◆ **EXERCISE PROMPT**:
Retype every line from the one containing "Carte d'invitation Diplôme" through the last line of the records below, both included; leave out the pictures.

Stored data entries:
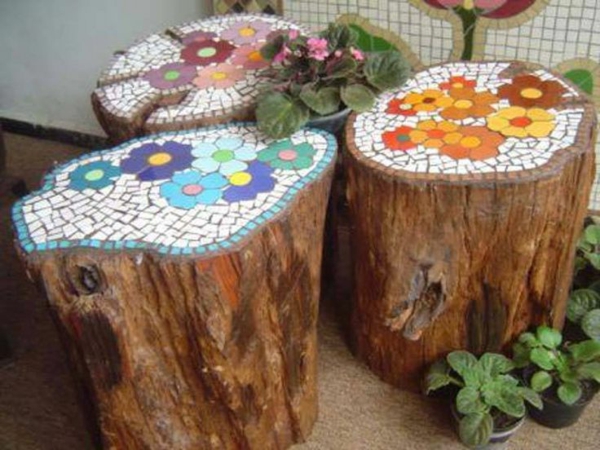mozaikos amatų mokomojo medžio kamieno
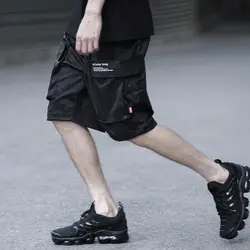 2019 для мужчин летняя рабочая одежда Jogger повседневное Мужской Дышащие Удобные шорты человек по колено большие карманы черные брюки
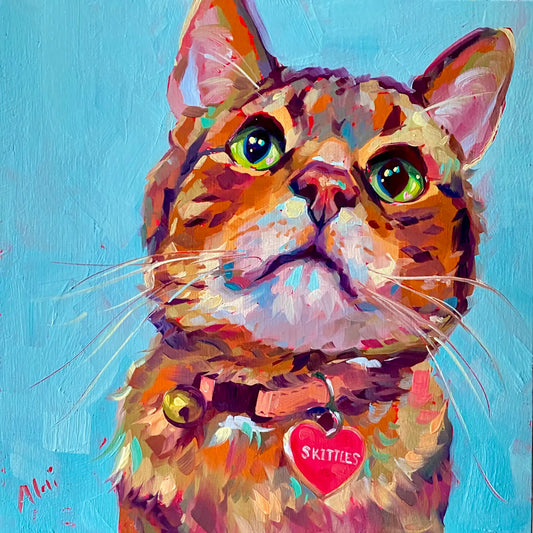 An original 8x8 oil painting of a tortoiseshell cat named Skittles looking up. She wears a collar with a bell and a heart tag, set against a solid light green background with heavy texture.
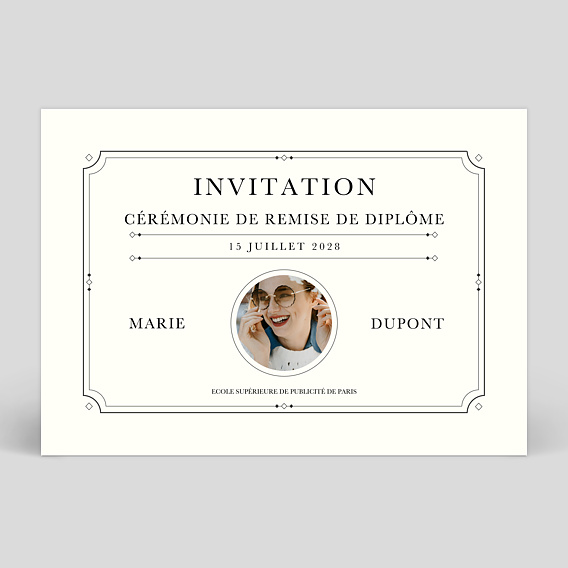 Carte d'invitation Diplôme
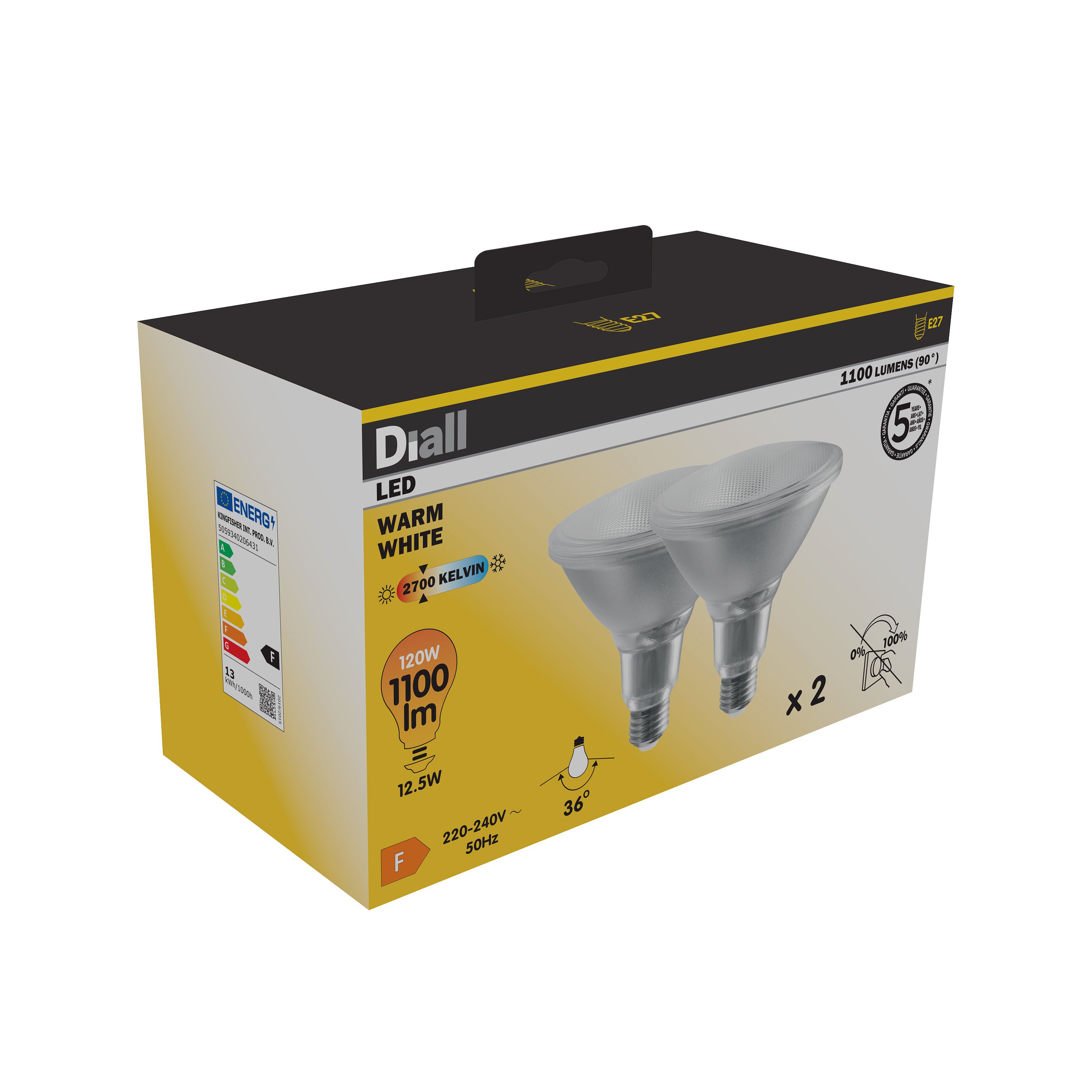 Diall SMD TYPE 12.5W 1100lm Milky Reflector (PAR38) Warm white LED Light bulb, Pack of 2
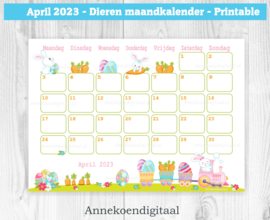 April 2023 kalender Paas trein - Dieren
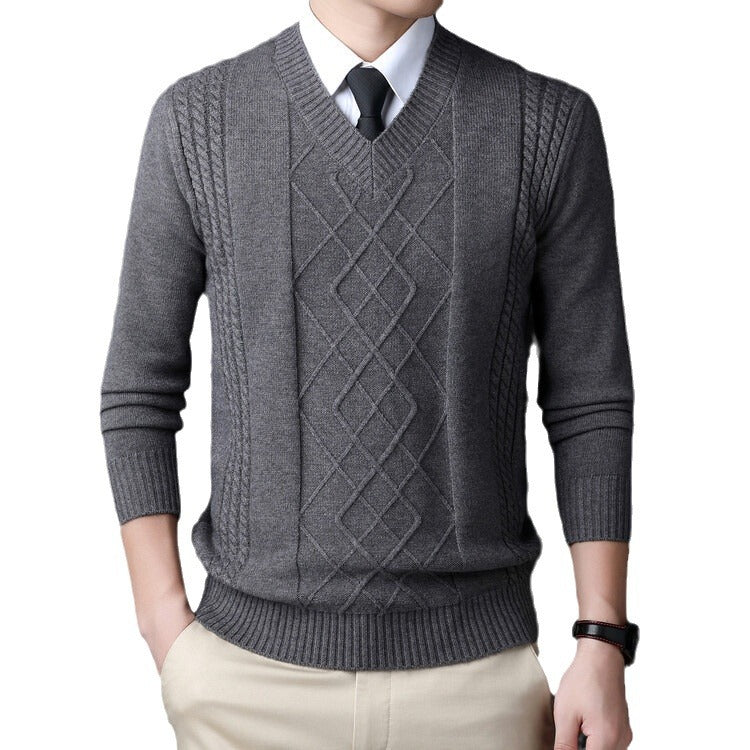 Herren V-Ausschnitt Pullover im modernen Zopfmuster R&B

◆ **RESPONSE AREA**:
 Carte d'invitation Diplôme
 Diall SMD TYPE 12.5W 1100lm Milky Reflector (PAR38) Warm white LED Light bulb, Pack of 2
 April 2023 kalender Paas trein - Dieren
 Herren V-Ausschnitt Pullover im modernen Zopfmuster R&B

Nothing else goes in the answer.